Solar Panels (Collection)

There are a few different solar panel options available to choose from. Panels can be flexible and rigid, as well as monocrystalline or polycrystalline. Polycrystalline panels are less efficient than monocrystalline panels, but are also cheaper. Monocrystalline panels are more space-efficient.

Charge Controller (Monitoring)

Charge controllers sit between the energy source and storage and prevents overcharging of batteries by limiting the amount and rate of charge to your batteries. They also prevent battery drainage by shutting down the system if stored power falls below 50 percent capacity.

Inverters (Usage)

Inverters turn DC power produced from your solar panels and stored in your battery into AC power. An inverter is necessary to power the common appliances found in your home or RV, from TV’s to microwaves.

Net Meter (Monitoring)

Like electricity meters that may be on homes powered by the grid, net meters record the flow of electricity to and from the grid. When you’re producing excess electricity, that energy will be pushed to the grid, which will cause the meter to spin backwards. That excess power will be credited to your account, which you can be used at night.

AC Breaker Panel and Safety Switches (Safety Components)

Grid tie systems will also include a breaker panel that is similar to what you may have in your home now, but now it will include additional breakers for your inverter. You’ll also typically have safety switches which will allow you to disconnect your panels from the inverter. Your electrical company may also require safety components, such as earthing and fuses, so be sure to consult with them to learn about requirements.
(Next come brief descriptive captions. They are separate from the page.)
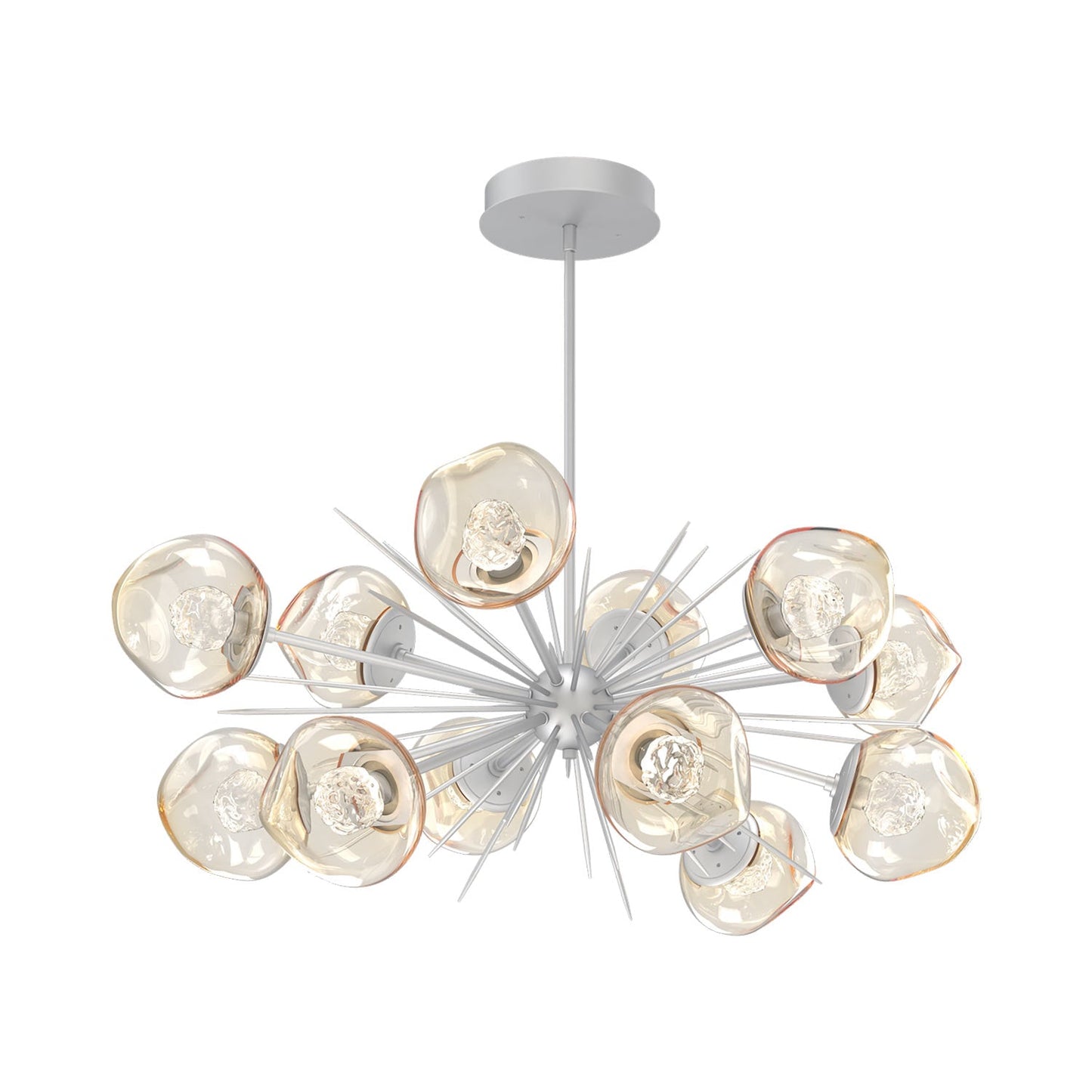 Luna Oval Starburst LED Chandelier in Classic Silver/Amber (Floret Crystal).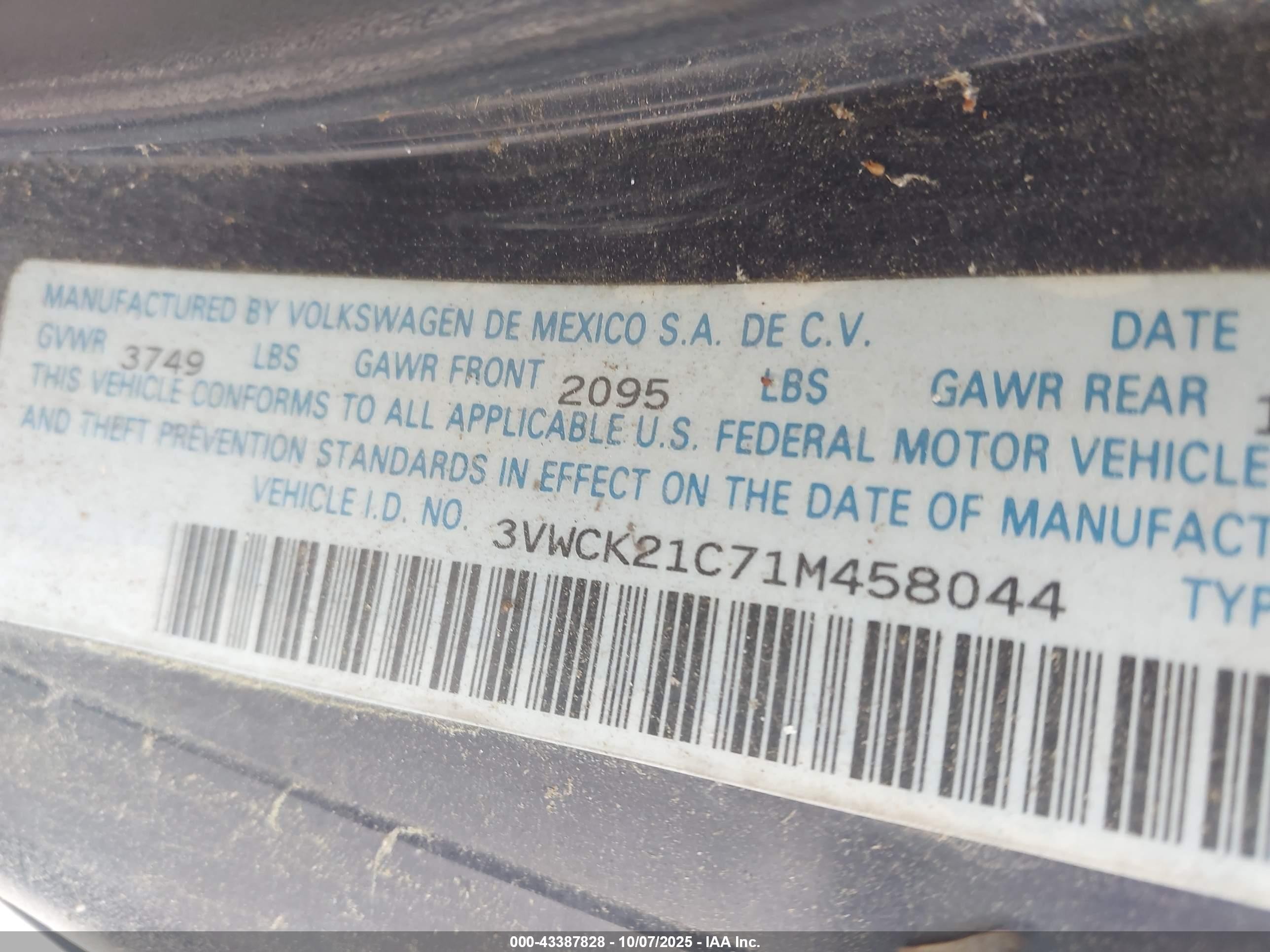 2001 Volkswagen New Beetle Gls Blue vin: 3VWCK21C71M458044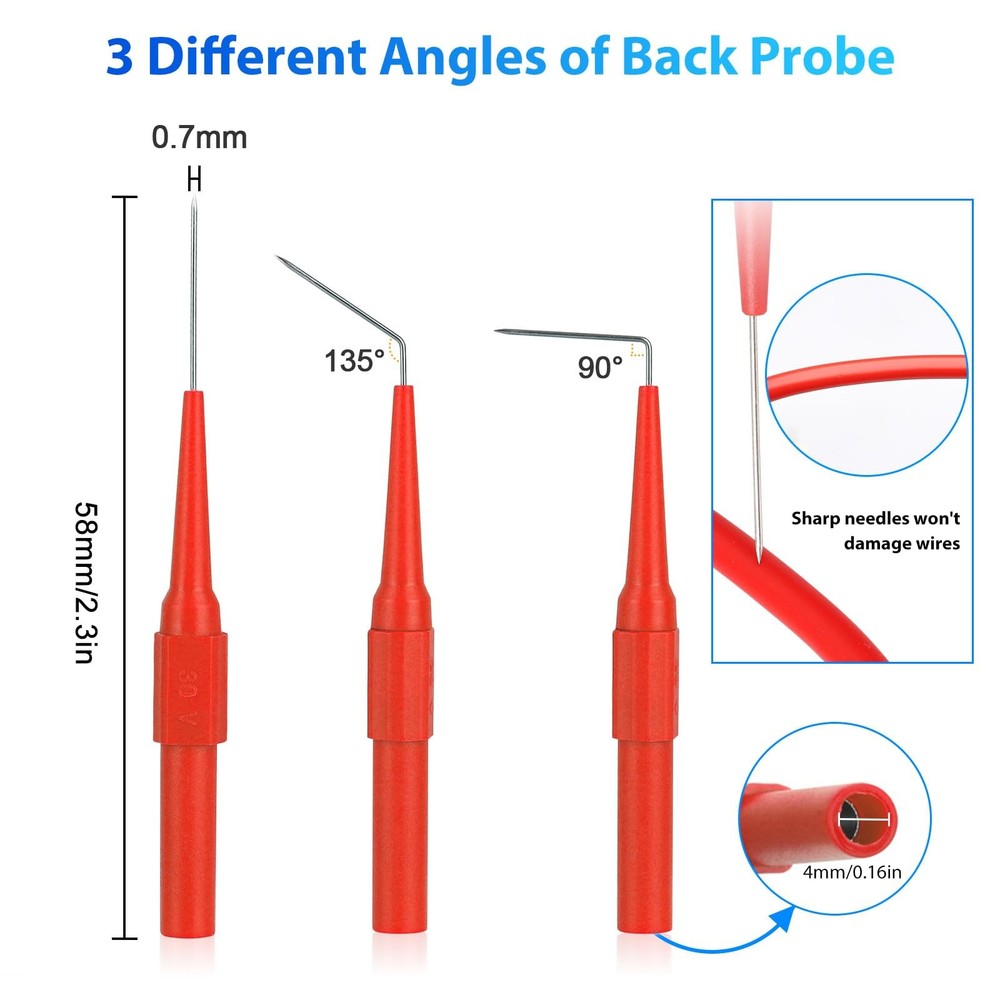 Linkstyle 25PCS Back Probe Kit, Multimeter Probes 25PCS: Multiple colors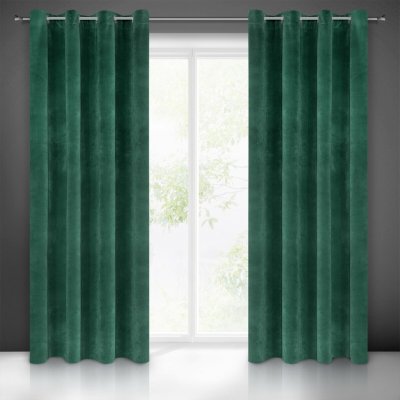 EUROFIRANY ZATEMŇOVACÍ ZÁVĚS NA KROUŽCÍCH RIA 140X250 CM TMAVĚZELENÁ – Hledejceny.cz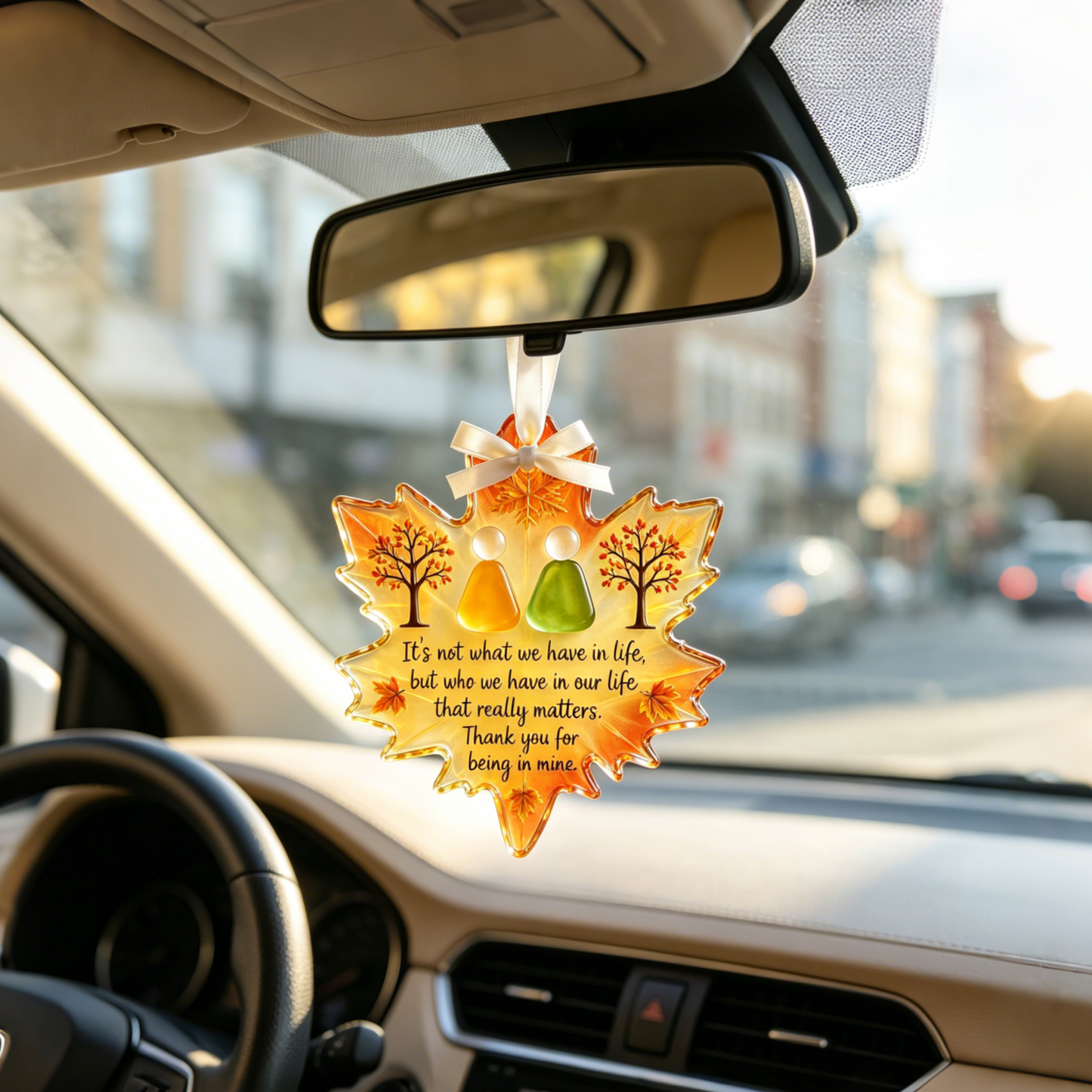 ❤️🍁 Personalized Sea Glass Couple Ornament | Fall Keepsake Gift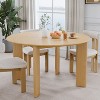 PexFix 52" x 52" Natural Solid Wood Farmhouse Dining Table Round Wood Top for Modern Dining Rooms & Family Gatherings - 3 of 4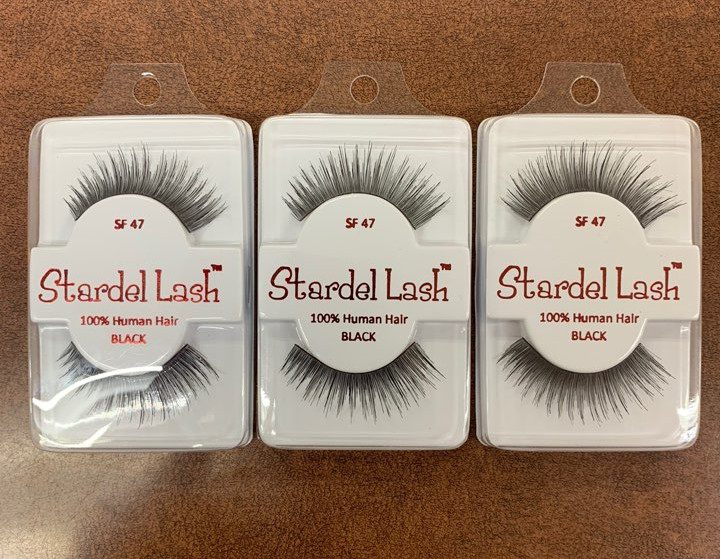 (PACK OF 3) Stardel Lash 100% Human Hair Eyelashes Black SF 47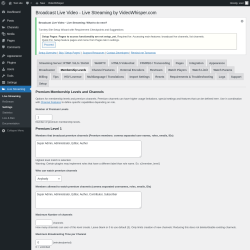 Page screenshot: Live Streaming → Membership Levels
Can I go solar by myself or should I hire a contractor?



If you’re installing solar on your home and will be connected to the utility, many utilities and jurisdiction require that solar be installed by a certified installer. Additionally, many of the active residential solar rebates and incentives are only valid if your project has been installed by a professional. So be sure to check what policies apply in your area before you try to go the DIY route.

What kind of incentives are there if I’m going solar?

There are a range of different federal and state incentives available to homeowners going solar. These incentives can save you thousands on your installation. Currently, there is a federal investment tax credit (ITC) in place until December 31st, 2023 for both residential and commercial customers. Refer to the Database of State Incentives for Renewables & Efficiency (DSIRE) for a list of incentives that are active in your area.

Conclusion

As you can see, there are many benefits to homeowners to installing a solar system and staying connected to the grid. With low upfront and operating costs (and not to mention thousands in annual utility costs), on-grid solar is a great solution for many homeowners. And although it may not sound as impressive as being fully off-grid, those savings will be nothing to balk at.